● Task objective: Return every record below exactly as given, images excluded.

--- START ---

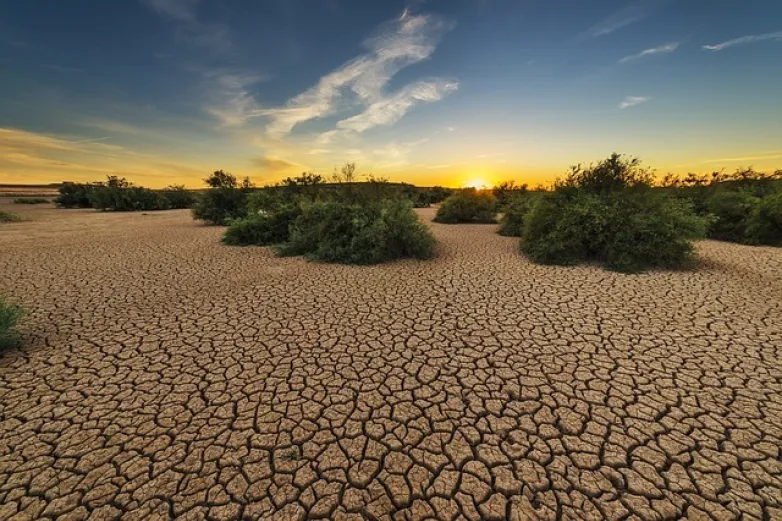 Se perderían 200 mil hectáreas por falta de lluvias en Chihuahua
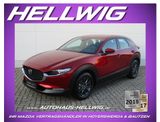 Mazda CX-30 2.5l (140PS) Prime-line Navi Kamera Voll-L - Mazda Neuwagen: Geländewagen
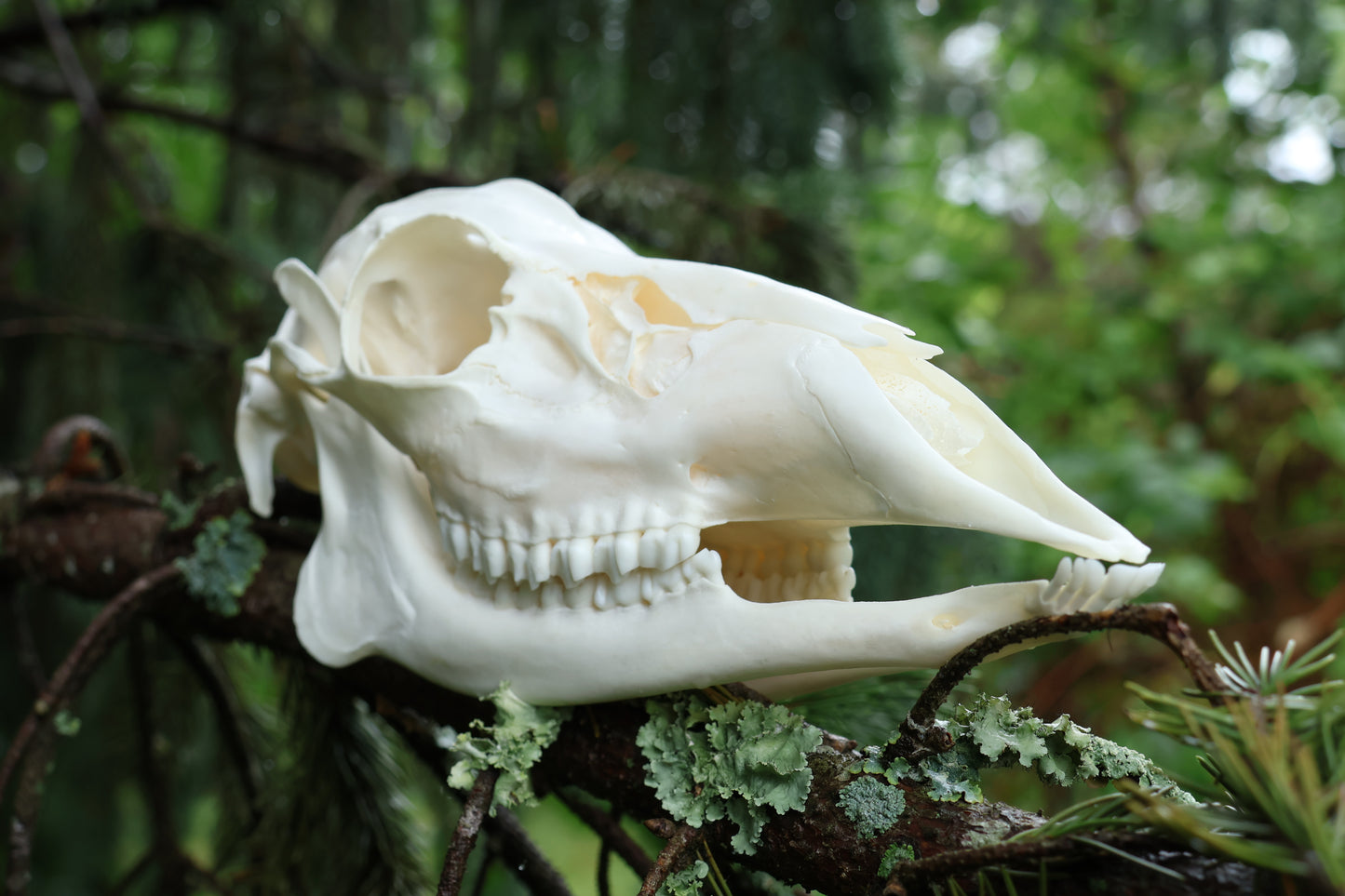 Whitetail Doe Skull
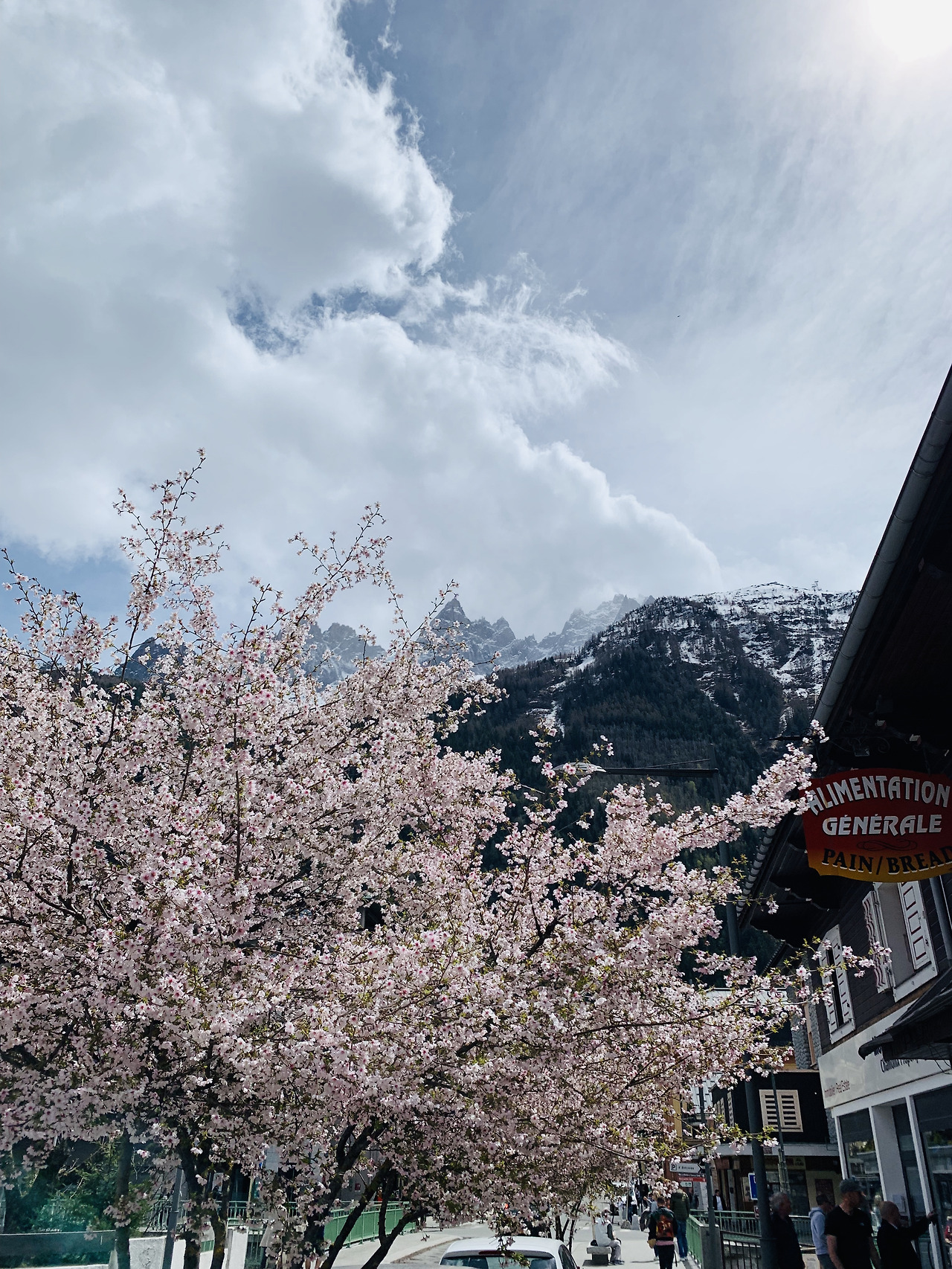 벚꽃과 몽블랑.jpg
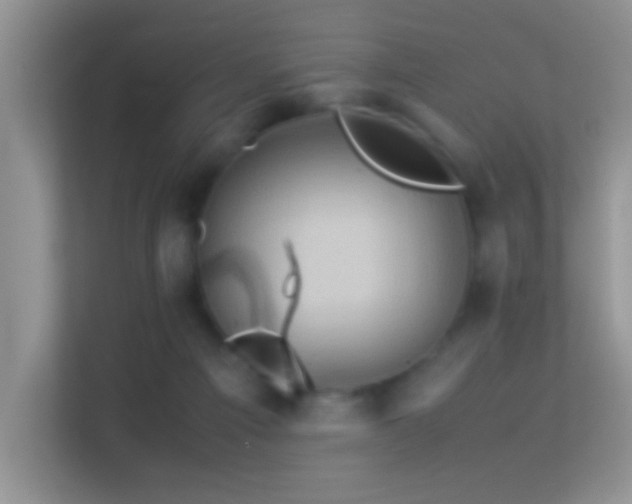 X0000113540121200909250934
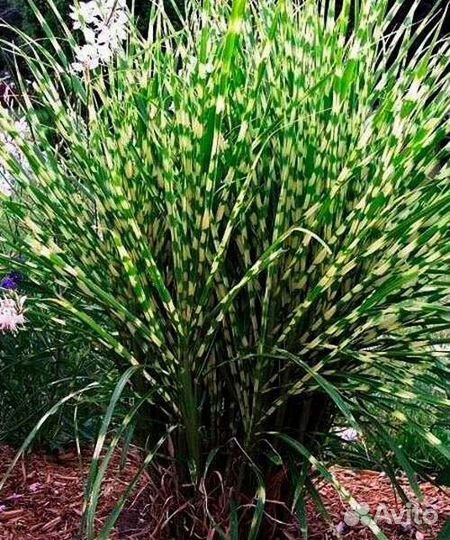 Императа Ред барон, Мискантус Голд бар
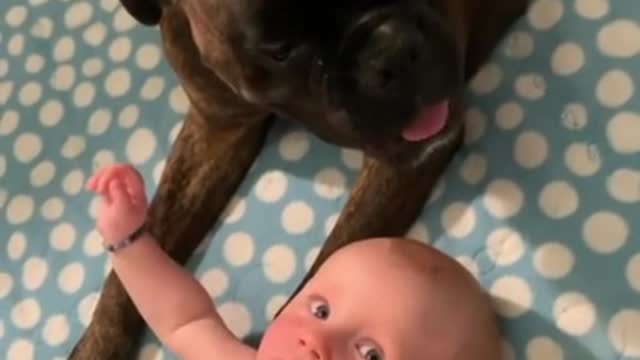 Nanny's dog is very happy to take care of her little sister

--- END ---

● Output of the task:
 Se perderían 200 mil hectáreas por falta de lluvias en Chihuahua
 Mazda CX-30 2.5l (140PS) Prime-line Navi Kamera Voll-L - Mazda Neuwagen: Geländewagen
 Whitetail Doe Skull
 벚꽃과 몽블랑.jpg
 X0000113540121200909250934
 Императа Ред барон, Мискантус Голд бар
 Nanny's dog is very happy to take care of her little sister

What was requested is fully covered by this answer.